Building a rental apartment resulted in a reduction of 3040 million yen.

In addition, a 5% discount will be applied to the appraisal value as a special case for small-scale residential land.Up to a certain area, a system can be applied in which the amount is significantly reduced depending on the application.For example, if you build a rental house on a land of 200 m5, it will be a specified rental land and you will get a XNUMX% discount.The final calculation is as follows:

  • 3280 million yen x 50% + 1680 million yen = 3320 million yen - 4000 million yen = - 680 million yen

In other words, the inheritance tax assessed value is -380 yen.

Related article:Tax saving is one of the attractions of real estate investment.Explain income tax, inhabitant tax, inheritance tax, etc. that can save tax!

Plan well and invest in real estate

In this way, real estate investment is a tax-saving measure, but you must also consider risks.If you make a profit from rental management, you will be subject to income tax and resident tax.

One thing to keep in mind is that if you inherit an old, dilapidated apartment, you may need to pay for repairs, such as remodeling, to turn it into a profitable property.Even if the inheritance tax is cheaper, be careful if the remodeling cost is higher.If you want to inherit such real estate, you need to get a quote from the contractor in advance and include the remodeling cost in the operation plan.

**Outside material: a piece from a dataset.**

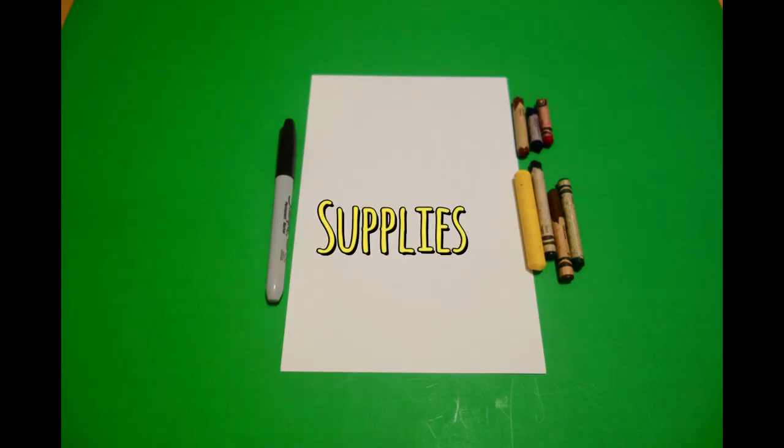Hi, I'm Patty Fernandez and I'm an art teacher. Visit my website at pattyfernandezartist.com. Today's project is how to draw George Washington Carver.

Ultimately, it is recommended that you consider the degree of tax savings, yield, vacant house risk and management method before taking the plunge.When purchasing, it is important not only to consider the price, but also to consider the future and choose a property with high profitability.There is a big difference in terms of tax savings if you inherit the property as real estate rather than inheriting it in cash.However, since you have to manage it yourself, you need to consider the know-how and property selection that will make a profit.

In the first place, if possible, you should not get your hands on a property that is not profitable and is likely to have high repair costs, more than tax savings.If you are not sure that the inherited property will be tax-saving, we recommend that you consult an expert.

Summary

Please note the following regarding real estate investment taxes:

  • The reason why real estate investment is an inheritance measure is the inheritance tax assessment value
  • Understanding Inheritance Tax and Gift Tax
  • The apartment building itself is an inheritance measure, but be careful of the factors that increase the appraisal value
  • If you can make a gift at a lower tax rate than the inheritance tax rate, you can save inheritance tax.
  • If it becomes a loan, inheritance tax can be deducted
  • Inheritance measures can be taken even in parking lot management
  • We do not deal with properties that are not profitable and that are likely to result in high repair costs.

At Rich Road Co., Ltd., we will consistently support all aspects of investment real estate, from complete beginners to experienced people, from a wide range of real estate selection, loan consultations, post-purchase management, and renovations.